On Masked Pre-training and the Marginal Likelihood

Authors: Pablo Moreno-Muñoz, Pol Garcia Recasens, Søren Hauberg

NeurIPS 2023 | Conference PDF | Archive PDF | Plain Text | LLM Run Details

Reproducibility Variable Result LLM Response
Research Type Experimental Empirically, we confirm the developed theory and explore the main learning principles of masked pre-training in large language models. ... The results in Fig. 1 and Tab. 1 indicate that as long as we average over more random masking patterns, the cumulative MPT loss approximates the LML of the model very well. ... We provide the code and details for every figure in the public repository at https://github.com/pmorenoz/MPT-LML/.
Researcher Affiliation Collaboration Pablo Moreno-Muñoz Section for Cognitive Systems Technical University of Denmark (DTU) pabmo@dtu.dk Pol G. Recasens CROMAI, Barcelona Supercomputing Center Universitat Politècnica de Catalunya (UPC) pol.garcia@bsc.es Søren Hauberg Section for Cognitive Systems Technical University of Denmark (DTU) sohau@dtu.dk
Pseudocode No The paper does not contain any structured pseudocode or algorithm blocks.
Open Source Code Yes All the empirical studies and results are reproducible.
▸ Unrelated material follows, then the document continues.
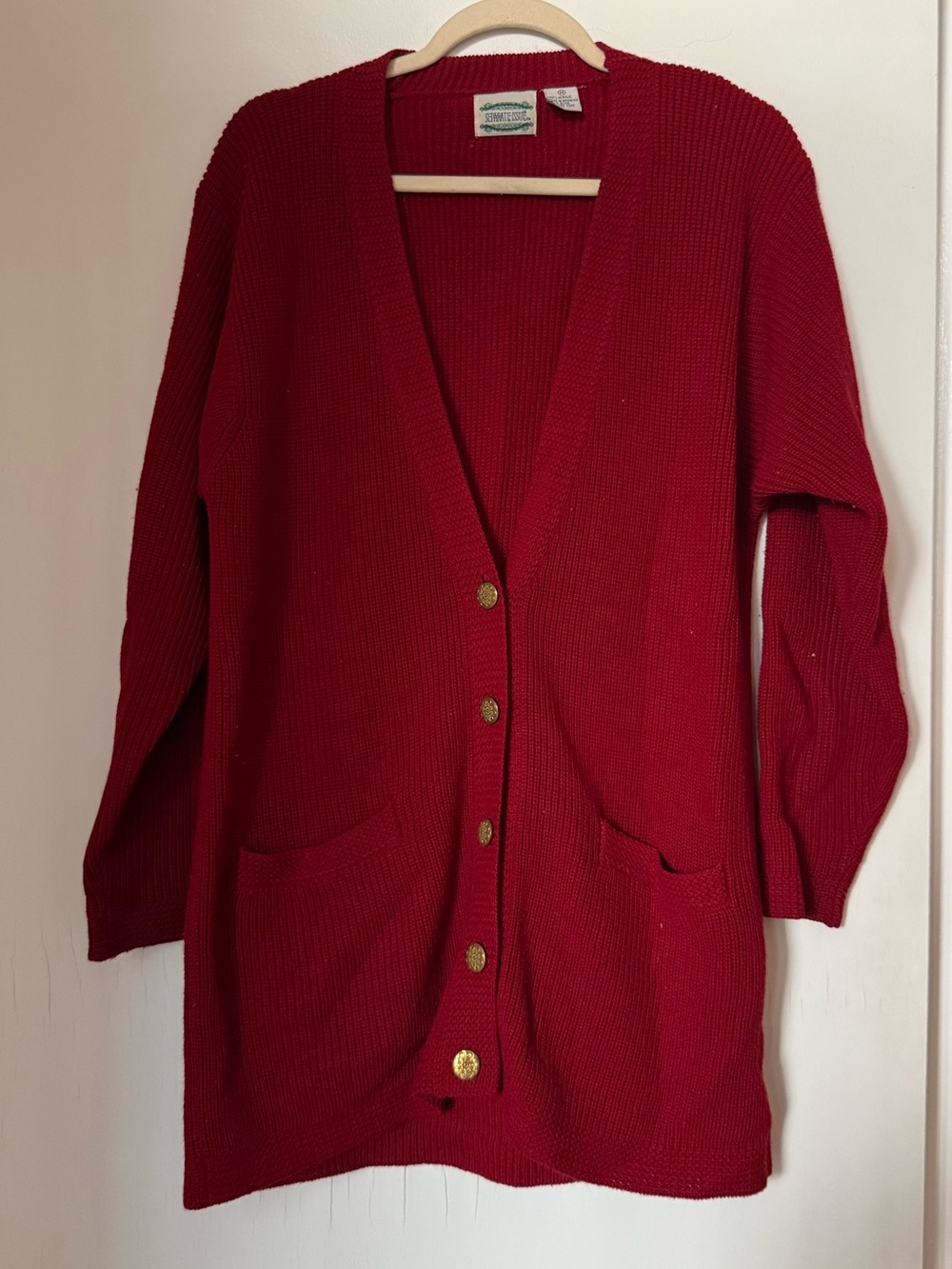 Classic Vintage Red V-Neck Button-Front Cardigan with Gold Buttons and Pockets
We provide the code and details for every figure in the public repository at https://github.com/pmorenoz/MPT-LML/.
Open Datasets Yes For the mini-dataset with MNIST samples... Data consist of subsets of MNIST and FMNIST. ... For the study of the curves in LLMs, we used four datasets from the General Language Understanding Evaluation (GLUE) (Wang et al., 2019). ... samples from three different test image datasets (FASHION-MNIST, CIFAR-100 and TINY-IMAGENET).
Dataset Splits No The paper mentions using well-known datasets like MNIST, FMNIST, GLUE datasets, CIFAR-100, and TINY-IMAGENET, but it does not specify the exact percentages or counts for training, validation, or test splits, nor does it refer to a predefined split with a citation that includes authors and year.
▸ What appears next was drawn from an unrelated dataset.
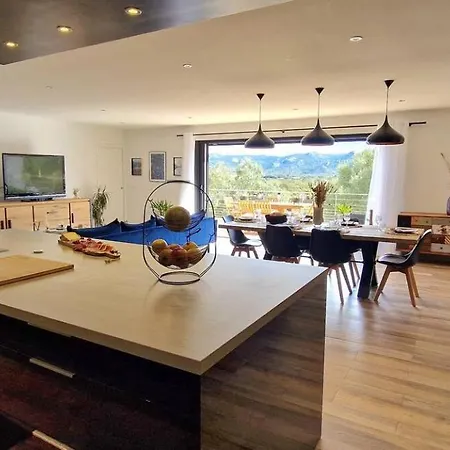 Moderne Avec Piscine 4 étoiles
Hardware Specification No The paper does not provide specific hardware details (e.g., GPU/CPU models, memory) used for running the experiments. It does not mention any cloud or cluster specifications with hardware details.
Software Dependencies No The paper mentions models like BERT and VIT-MAE and implies the use of libraries like HuggingFace for pre-trained checkpoints, but it does not specify version numbers for any software dependencies, programming languages, or libraries used for the experiments.
Experiment Setup No The paper does not provide specific experimental setup details such as hyperparameter values (e.g., learning rate, batch size, number of epochs) or explicit optimizer settings within the main text. It mentions using 'standard MPT' or 'pre-trained checkpoints' but not their specific configurations during the experiments described.